The stormy night adds an atmosphere of darkness and danger to the confusing and volatile situation. Laura changes out of wet clothes and finds one of Diane’s dresses in her closet that wasn’t there before. Diane’s photograph in a magazine that Laura shows to Mark reveals a resemblance between the model and Laura. Laura implies that someone accidentally killed Diane believing her to be Laura. But the suspicious Mark interrogates her and finds out that Laura encountered nobody on her trip to the countryside, so she has no alibi for the time of the murder. Also, he knows that Shelby had access to the apartment, and Mark suggests that he brought Diane to Laura’s place. She denies that she knew Shelby had a key, which seems flimsy since they were engaged. She also confronted Diane, as Waldo had said she would, and Diane admitted to caring for Shelby. Laura, still holding onto her innocence concerning trusting others, insists that Shelby didn’t return Diane’s affection. Mark’s police mentality sees Laura as a likely suspect, the motive again being jealousy, and that she could have killed Diane, making it appear to be a case of mistaken identity, thus steering the investigation toward someone who would have a motive in killing Laura. Mark wants her to not let anyone know she is alive so he can discover if there are any alternative suspects.

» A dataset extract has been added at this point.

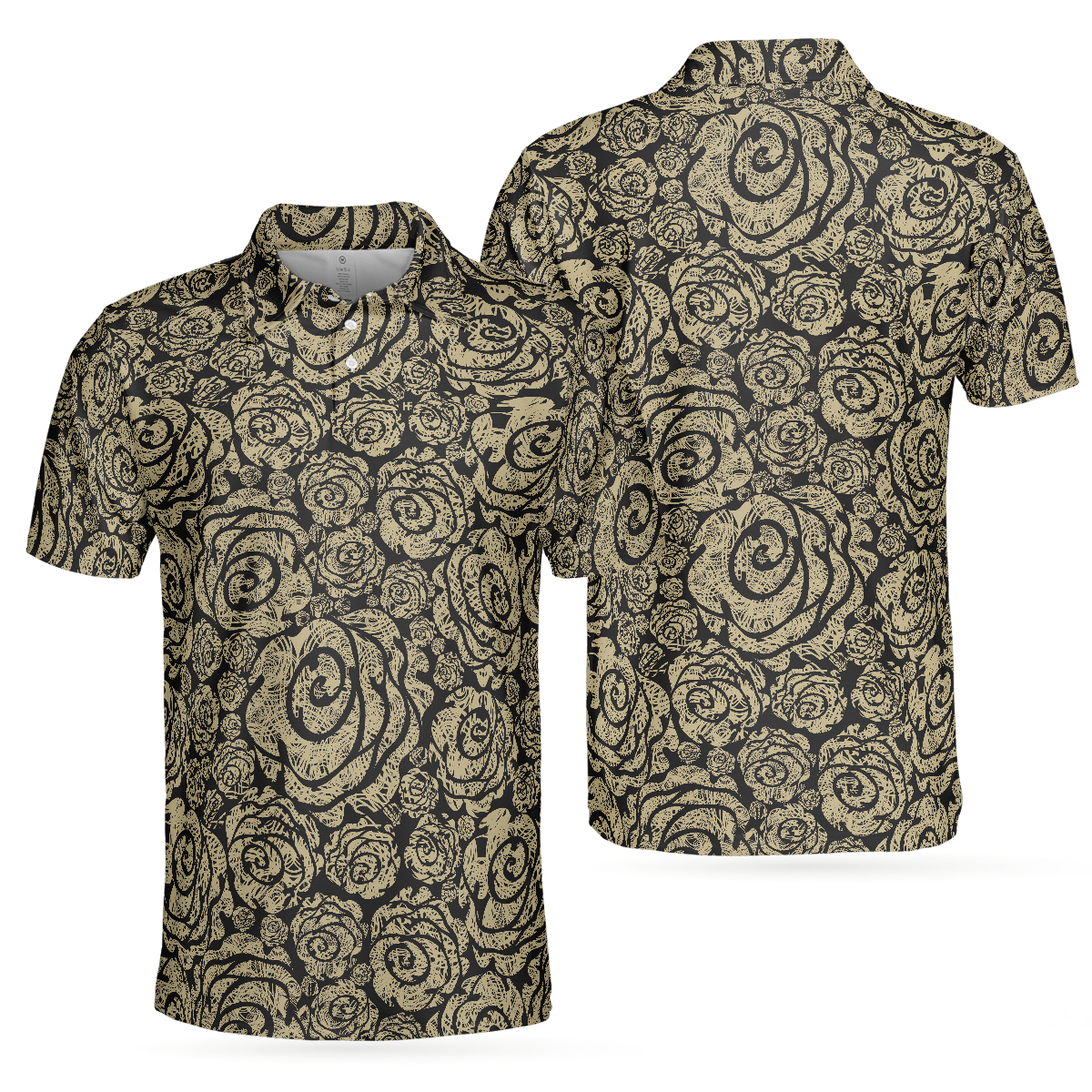 Seamless Beige Grunge Rose Pattern Polo Shirt, Cool Roses Graphic Polo Shirt, Rose Themed Shirt For Flower Lovers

However, Mark’s professional mind gives way to personal emotion when he asks Laura if she decided to call off her marriage to Shelby. She says yes, and although not revealing anything, it is obvious that he is relieved by her response.

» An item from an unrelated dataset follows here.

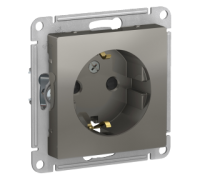 Розетка с заземлением со шторками Schneider Electric AtlasDesign ATN000945, Сталь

Another detective tells Mark what he already assumed, that it was Diane who was killed. They have bugged Laura’s phone and they hear her call Shelby, who obviously already knows that Laura isn’t dead, as the two plan a meeting. Mark practically labels Laura a film noir femme fatale when he says, “Dames are always pulling a switch on you.” It is interesting that he uses the word ‘dames,” which reminds us of his conversation with Waldo, and which lowers Laura, at least at this time, from her sophisticated status to the level of the criminals a cop deals with. 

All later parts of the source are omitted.